We’ve had amazing shoots the past few months, interviewing women across the country who are trailblazers in their fields. Our series creator, director and producer, Charlotte Mangin, spoke with them about their paths to their careers, the challenges they’ve faced, and the women we’re featuring in our series who helped pave the way for their own work.
This includes interviews with opera singers J’Nai Bridges, Mezzo-Soprano who recently made her Metropolitan Opera debut as Queen Nefertiti in Philip Glass’s Akhnaten. J’Nai spoke openly about her path to opera, and the pioneering opera singer Sissieretta Jones, who we will be featuring in our series, the first African American woman to perform in Carnegie Hall.
“The first time I walked onto the stage of the Metropolitan Opera, I think my heart skipped a beat, maybe three. Opera is for everybody- it really is. It’s art.” We’re looking forward to sharing the stories of these two inspiring women and the art of opera in our series in 2020.

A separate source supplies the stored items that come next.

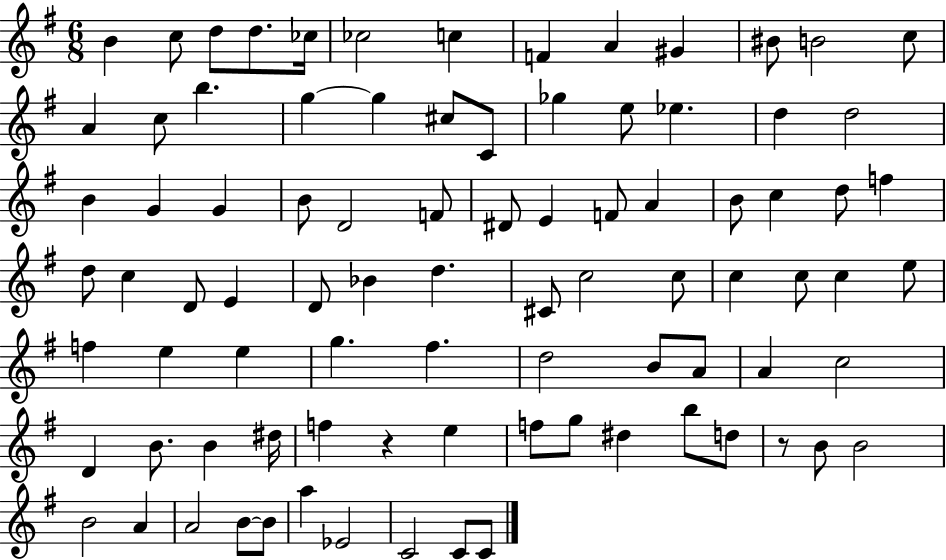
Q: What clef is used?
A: treble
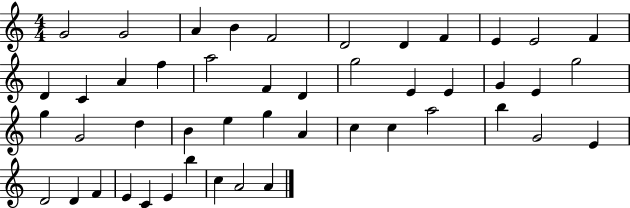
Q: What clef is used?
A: treble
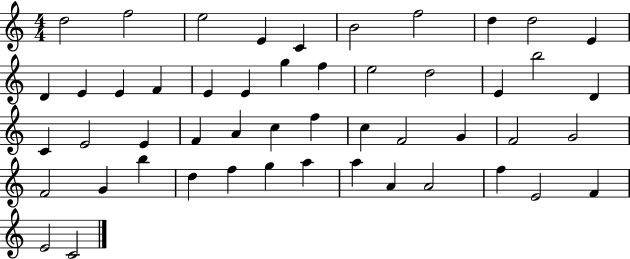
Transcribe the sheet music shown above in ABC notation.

X:1
T:Untitled
M:4/4
L:1/4
K:C
d2 f2 e2 E C B2 f2 d d2 E D E E F E E g f e2 d2 E b2 D C E2 E F A c f c F2 G F2 G2 F2 G b d f g a a A A2 f E2 F E2 C2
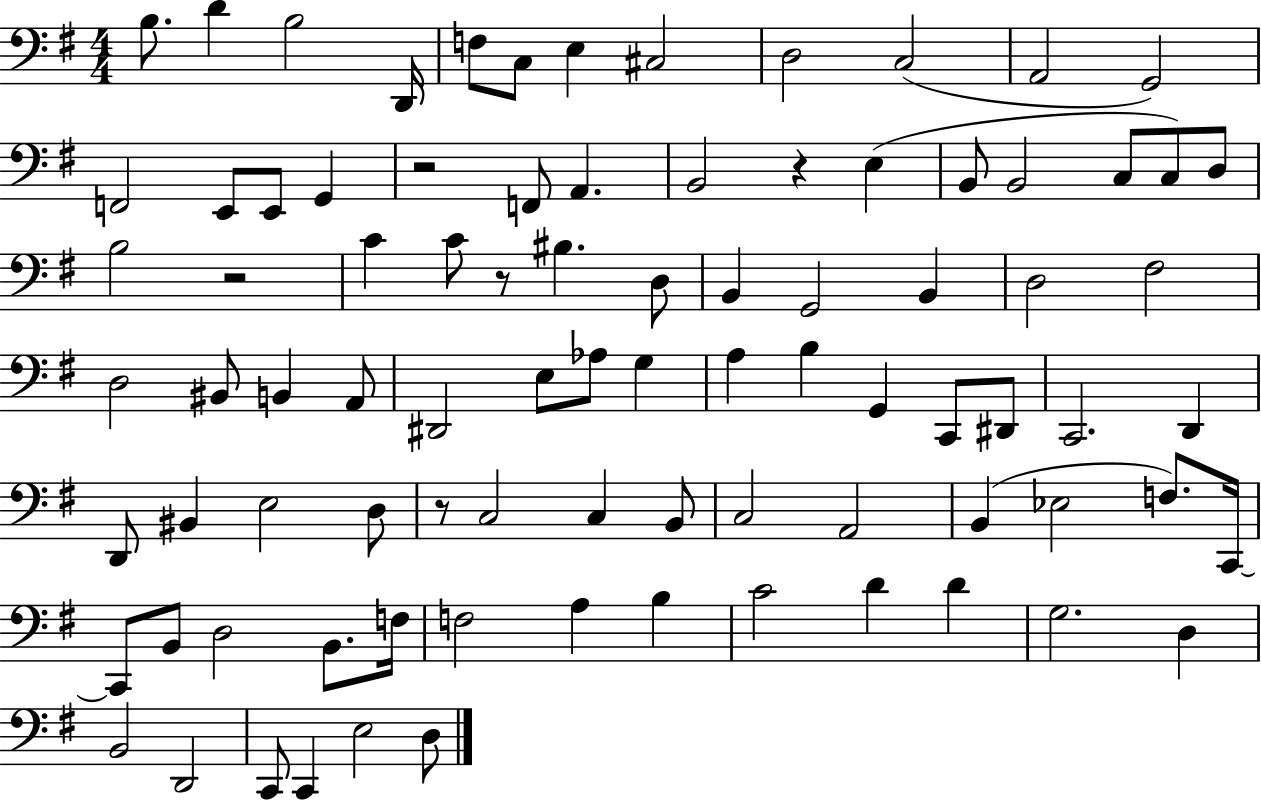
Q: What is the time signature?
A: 4/4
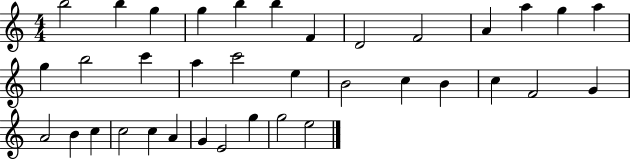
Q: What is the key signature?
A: C major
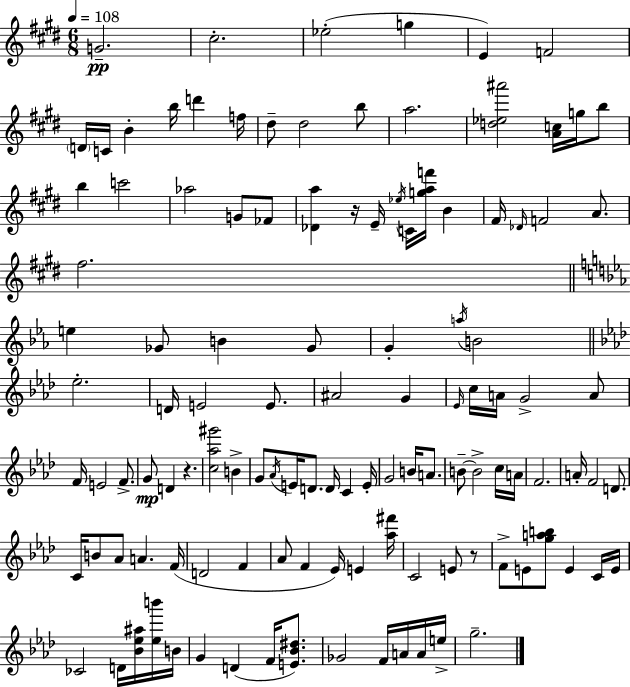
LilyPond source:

{
  \clef treble
  \numericTimeSignature
  \time 6/8
  \key e \major
  \tempo 4 = 108
  g'2.--\pp | cis''2.-. | ees''2-.( g''4 | e'4) f'2 | \break \parenthesize d'16 c'16 b'4-. b''16 d'''4 f''16 | dis''8-- dis''2 b''8 | a''2. | <d'' ees'' ais'''>2 <a' c''>16 g''16 b''8 | \break b''4 c'''2 | aes''2 g'8 fes'8 | <des' a''>4 r16 e'16-- \acciaccatura { ees''16 } c'16 <g'' a'' f'''>16 b'4 | fis'16 \grace { des'16 } f'2 a'8. | \break fis''2. | \bar "||" \break \key c \minor e''4 ges'8 b'4 ges'8 | g'4-. \acciaccatura { a''16 } b'2 | \bar "||" \break \key f \minor ees''2.-. | d'16 e'2 e'8. | ais'2 g'4 | \grace { ees'16 } c''16 a'16 g'2-> a'8 | \break f'16 e'2 f'8.-> | g'8\mp d'4 r4. | <c'' aes'' gis'''>2 b'4-> | g'8 \acciaccatura { aes'16 } e'16 d'8. d'16 c'4 | \break e'16-. g'2 b'16 a'8. | b'8--~~ b'2-> | c''16 a'16 f'2. | a'16-. f'2 d'8. | \break c'16 b'8 aes'8 a'4. | f'16( d'2 f'4 | aes'8 f'4 ees'16) e'4 | <aes'' fis'''>16 c'2 e'8 | \break r8 f'8-> e'8 <g'' a'' b''>8 e'4 | c'16 e'16 ces'2 d'16 <bes' ees'' ais''>16 | <ees'' b'''>16 b'16 g'4 d'4( f'16 <e' bes' dis''>8.) | ges'2 f'16 a'16 | \break a'16 e''16-> g''2.-- | \bar "|."
}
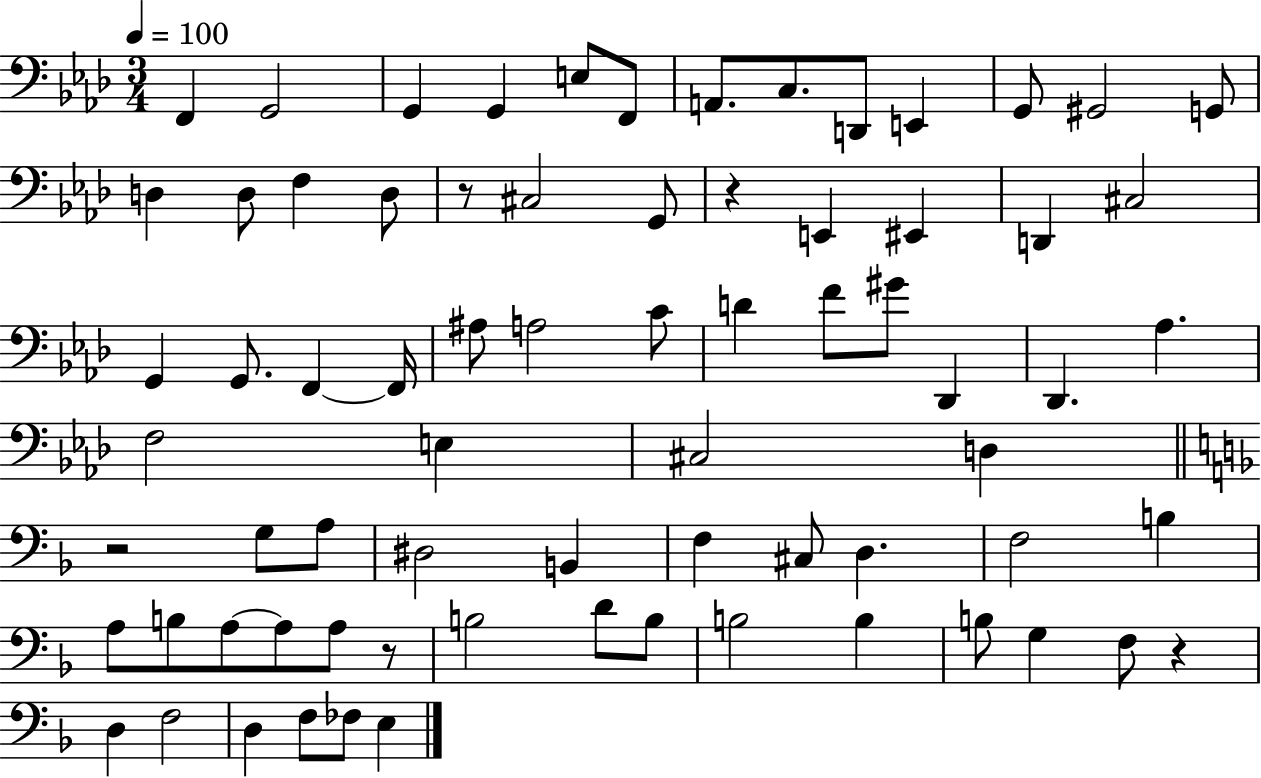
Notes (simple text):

F2/q G2/h G2/q G2/q E3/e F2/e A2/e. C3/e. D2/e E2/q G2/e G#2/h G2/e D3/q D3/e F3/q D3/e R/e C#3/h G2/e R/q E2/q EIS2/q D2/q C#3/h G2/q G2/e. F2/q F2/s A#3/e A3/h C4/e D4/q F4/e G#4/e Db2/q Db2/q. Ab3/q. F3/h E3/q C#3/h D3/q R/h G3/e A3/e D#3/h B2/q F3/q C#3/e D3/q. F3/h B3/q A3/e B3/e A3/e A3/e A3/e R/e B3/h D4/e B3/e B3/h B3/q B3/e G3/q F3/e R/q D3/q F3/h D3/q F3/e FES3/e E3/q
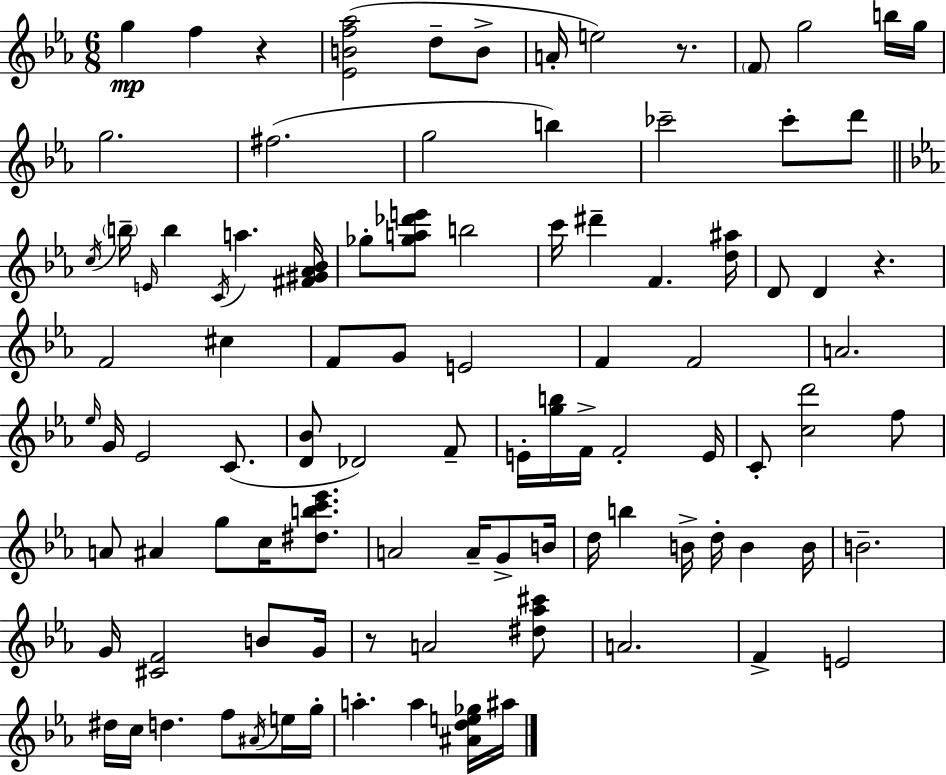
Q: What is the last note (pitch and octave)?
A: A#5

We also had a very thought provoking interview with journalist Amy Holmes, who has appeared as a political commentator on CNN, MSNBC, Fox News, NPR on more, who spoke about her own career, and about Charlotta Spears Bass, one of the first African American women to own and operate a newspaper in the United States. Bass published the California Eagle in Los Angeles from 1912 until 1951, and boldly addressed racism and racial violence, including the Ku Klux Klan, and LA’s discriminatory hiring practices and police brutality. Holmes spoke beautifully about Bass’ courage and the legacy of Bass’ work, and the impact of journalism:
“She saw that civil rights were everyone’s rights, that the black cause was the human cause. And she put that in her newspaper pages and she put it into action and she put it into life.” – Amy Holmes
Look out for these short films- on Sissieretta Jones and Charlotta Bass- in 2020!